Here is the detail that got me. The murals change every six months. Not completely, just enough. A side character gets promoted. A dog reappears with an eye patch. A poster within the mural advertises a fictional film that regulars now ask staff about. It is world-building, done with house paint and patience. The cinema reports concession sales are up, yes, but more interestingly, weekday attendance has climbed. People are bringing out-of-town friends to “see the wall”. The marketing is not shouting. It is inviting.

We talk a big game about immersive experiences. Usually that means projection mapping and a press release full of breathless language. This is different. It smells faintly of turps. You can see the brush strokes if you lean in. Teenagers are taking photos in front of it before school formal. Retirees are debating plot theories over flat whites next door. The mural has become a serialised story that belongs to the town. No one is skipping the ads on this.

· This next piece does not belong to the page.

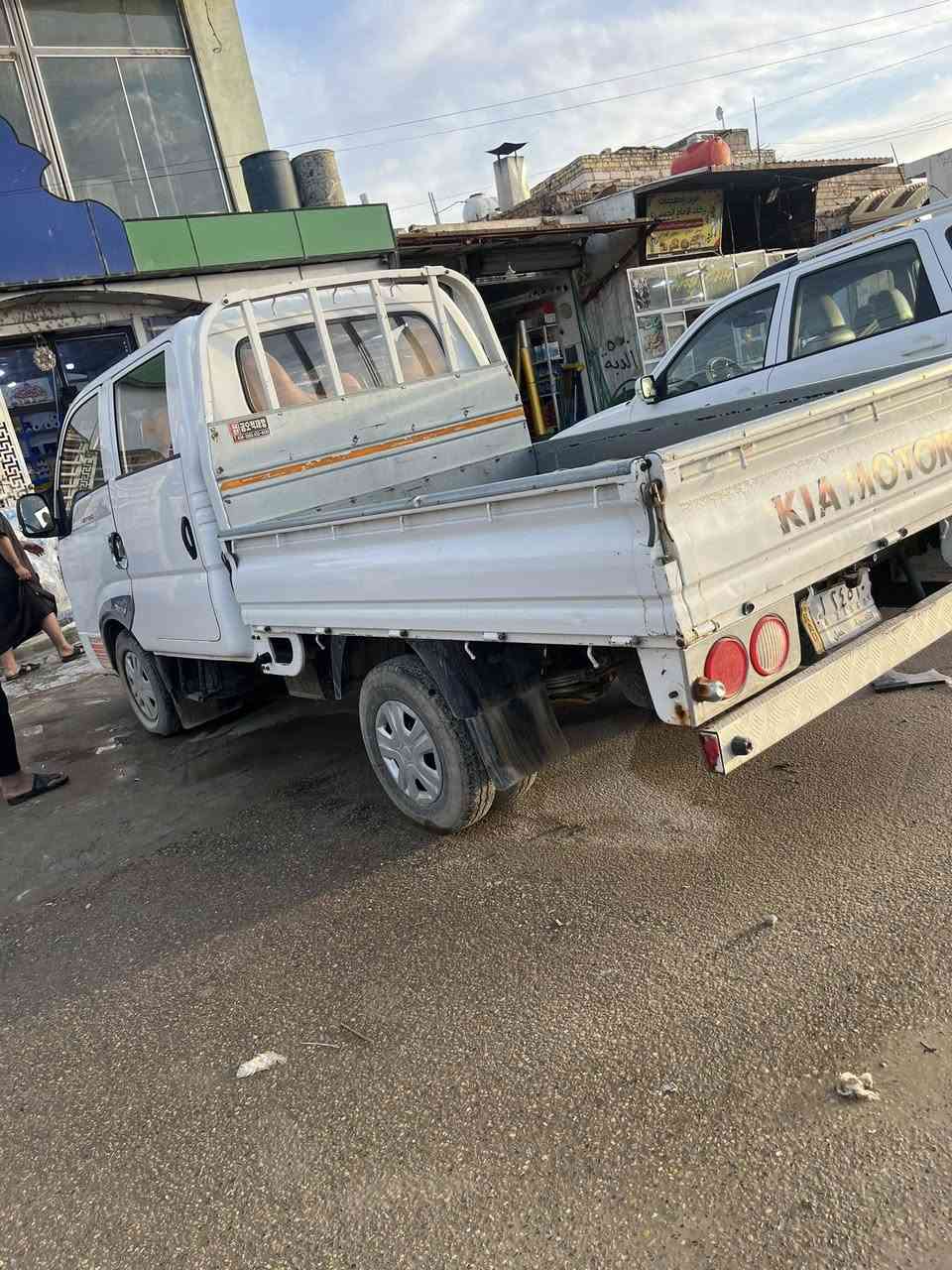 سلام عليكم 
سيارة كيا دبل قمارة للبيع موديل 2018 رقم قادسيه 
مكاني ديوانية 
للاستفسار ***********
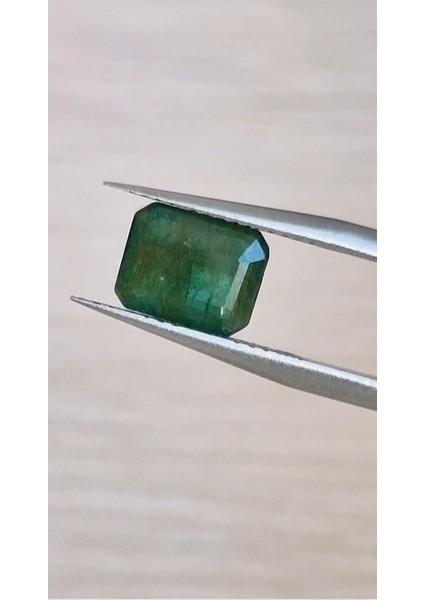 1.92 Ct 8.4x7.7 mm Octagon Natural Emerald Zambia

There is a lesson here for any brand with a physical footprint. Stop thinking of space as something to brand, and start thinking of it as something to continue. A narrative that evolves. A wink to the regulars. A reason to pop in even when there is nothing specific to buy. In a year when attention is shredded into confetti, a painted wall in a small New Zealand cinema is quietly proving that patience, specificity, and a bit of theatrical flair can still pack a house.